Atop the long list of items to do when buying or selling a house is the home inspection. But what is involved? How much does it cost? Why is it done in the first place? It’s important to understand what a home inspection entails and how it affects the sale of your home or the purchase of a new one. The more you know, the less likely you are to get ripped off or taken by surprise.
What is a Home Inspection?
First of all, let’s clear up a commonly misunderstood point: a home inspection is not the same as an appraisal. An appraisal is an estimate of a property’s overall market value. A home inspection is much more detailed and practical. It is also not a code inspection and therefore does not report on building code compliance or give a “passing” or “failing” grade. It is defined as an objective visual examination of the structure and systems of a home by an impartial, neutral third party not related to the buyer or seller. In layman’s terms, it shows you what’s wrong with the property you want to buy or sell and if it is serious enough to prevent a sale.
The three main points of the inspection are to evaluate the physical condition of the home, including structure, construction and mechanical systems; identify items that need to be repaired or replaced; and estimate the remaining useful life of the major systems, equipment, structure, and finishes. Bottom line: a home inspection is to inform the buyer of any readily visible major defects in the mechanical and structural components, and to disclose any significant health or safety issues.
What Does a Home Inspection Cover?
A home inspection includes a visual examination of the house from top to bottom. There are hundred of items a home inspection covers, including general structure, flashing's, basement or lower level, framing, central cooling and heating, chimneys, plumbing and electrical systems, drainage, bathrooms and laundry facilities, foundation, common safety devices, fireplaces and wood stoves, kitchen and kitchen appliances, general interior, attic, insulation. ventilation, roof, and exterior.
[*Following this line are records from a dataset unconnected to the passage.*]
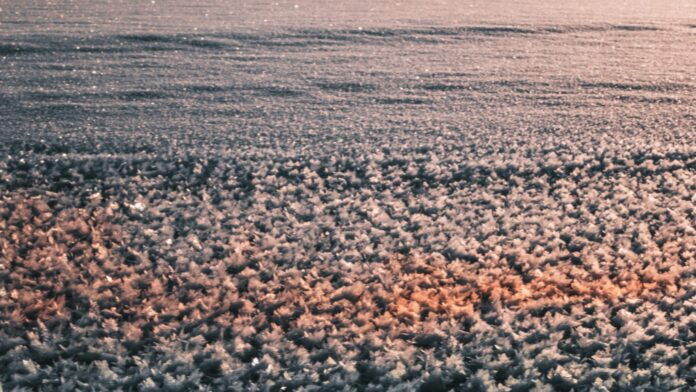 Frost Pattern On Frozen Lake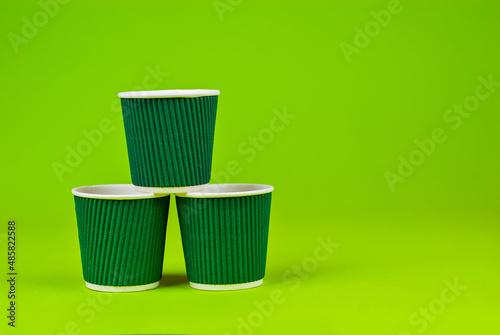 Disposable paper cups on a green background. Ecological coffee utensils. Copy space and free space for text near the glasses.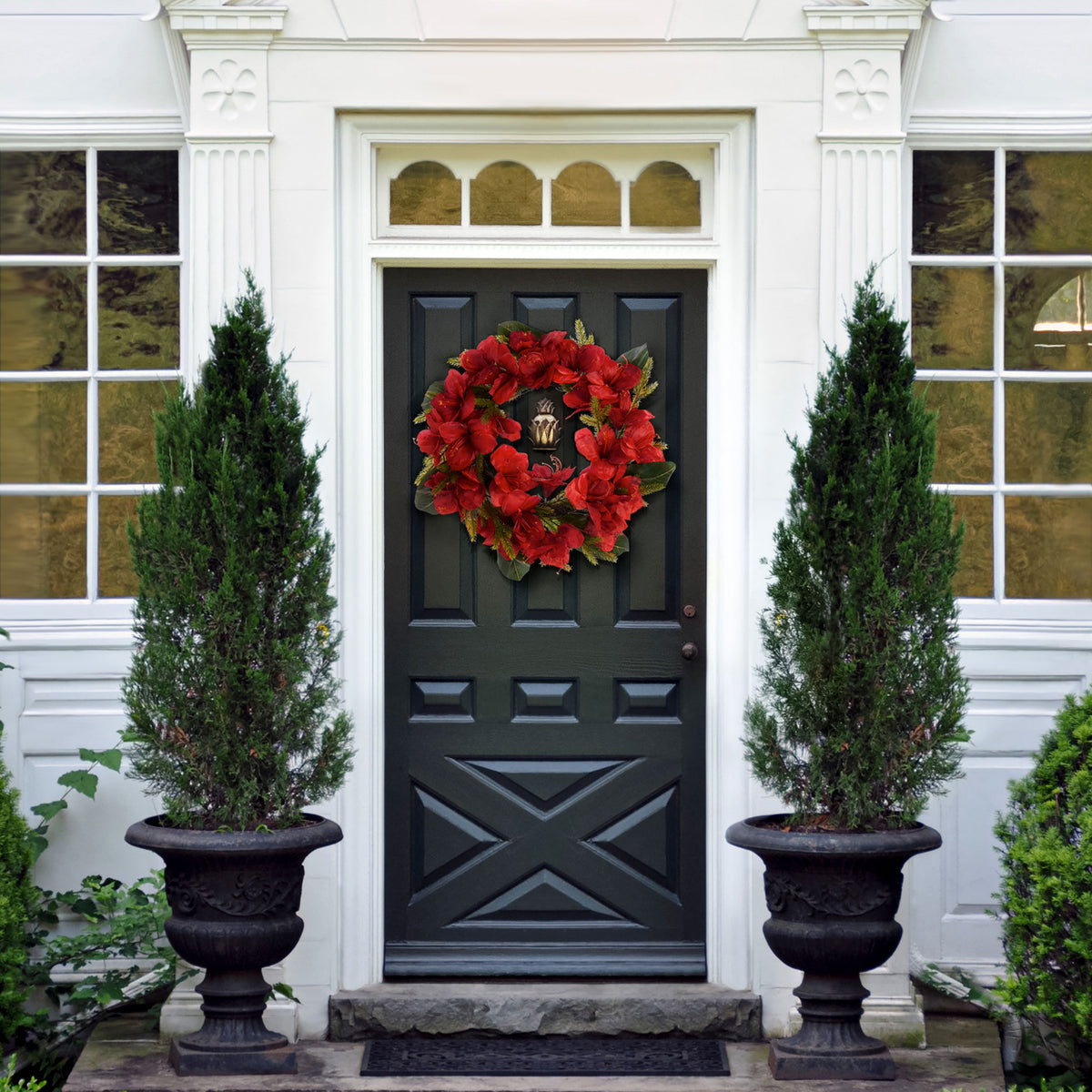 A bright red floral wreath adds a welcoming holiday accent to a dark door. || FXP1091A || front_room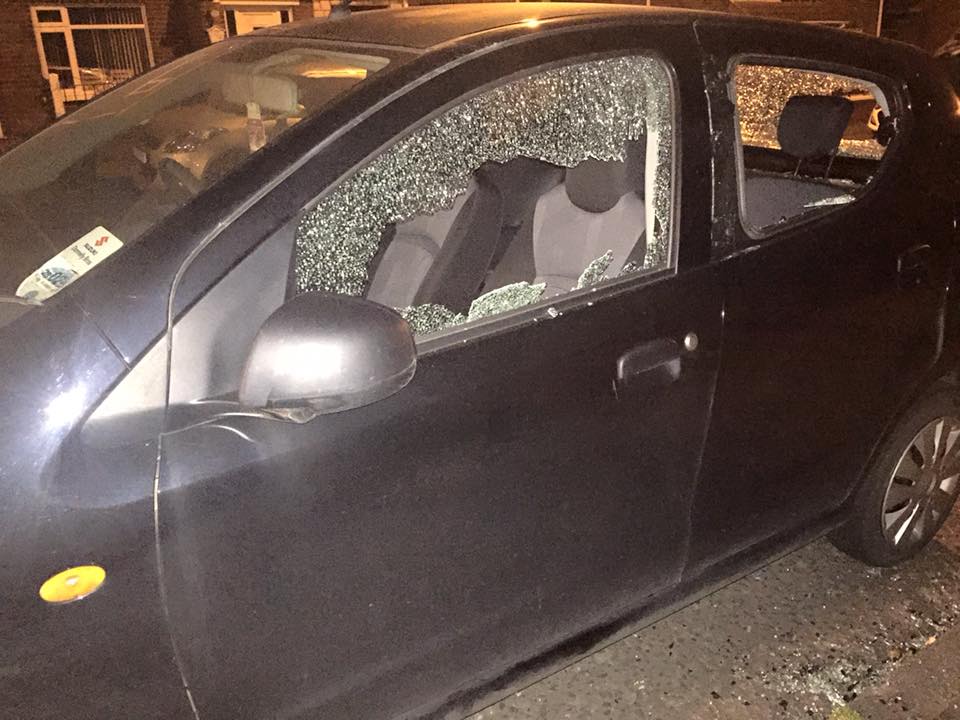 One of the cars damaged in a sectarian attack in north Belfast on Friday night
An inspector cannot report on defects that are not visible. For instance, defects hidden behind finished walls, beneath carpeting, behind storage items and in inaccessible areas, and even those that have been intentionally concealed. Systems that are seasonally inoperable (swamp coolers, air conditioning, furnaces) will not be turned on during the inspection. Your home inspector will also most likely recommend any additional inspections that you might want to consider such as a roofing contractor, sewer scope inspection or mold inspector. While a home inspection is not required in the state of Arizona, its a good idea to have one completed.
How Do I Find an Inspector?
To hire an inspector, get recommendations from your Realtor, or from friends and family. When interviewing inspectors, be sure to ask for references and any memberships in professional associations. Find out about the inspector’s professional training, length of time in the business, and experience. Your realtor will most likely have a list to choose from or even have their "go-to" inspector. You are not obligated to use the one they recommend, but it never hurts to check them out. Not all home inspectors are the same, so do your research before just selecting one.
It’s a good idea to be present during the inspection for a couple of reasons: First, you can ask the inspector questions during the inspection. Also, the inspector will have the opportunity to point out areas of potential trouble, which will mean more to you if you see it with your own eyes than read it in the inspector’s report later. Many inspectors also will offer maintenance tips as the inspection progresses.
Is the Seller Obligated to Make Suggested Repairs?
The seller is not required to make any repairs, replacements or maintenance since this is not a code inspection. You will get to submit a list of repair request and the seller can approve all, some or none of the repairs. It is a good idea to keep the list small and only ask for the major ticket items or deal breakers. If you ask for everything, they can choose to fix 4 of the small items and say no to the AC and roof repairs. If your home inspector writes up 25 different items and you only ask for 3, chances are they will say yes since you are taking care of the rest after closing. Your realtor will be able to make suggestions on what they should fix and what can wait. There is no re-negotiation on repairs, this is a one and done request so choose wisely. You can also choose to walk away based on the home inspection report and the sellers response.
Also, never allow an inspector to contract with you to make repairs he/she has suggested — this is a major conflict of interest, not to mention unethical. However, some inspectors do offer a guarantee or warranty on their service for an additional fee, although it is not a standard practice and not required.
How Much Does it Cost and How Long Will it Take?
Remember that a thorough, accurate home inspection takes time. The last thing you want to do is to try to hurry the inspector along. The inspector’s most important priority is accuracy, and accuracy takes time. The chances of mistakes and missed conditions are much more likely the more the inspector rushes through. Expect your home inspection to take anywhere between two and five hours (allowing about one hour for each 1,500 square feet of living space over 3,500 square feet). Of course, older homes will take longer than newer ones.
Expect your inspection to cost anywhere from $200-$500 depending on size. The cost is worth it and may be one of the most important investments you make when buying a home.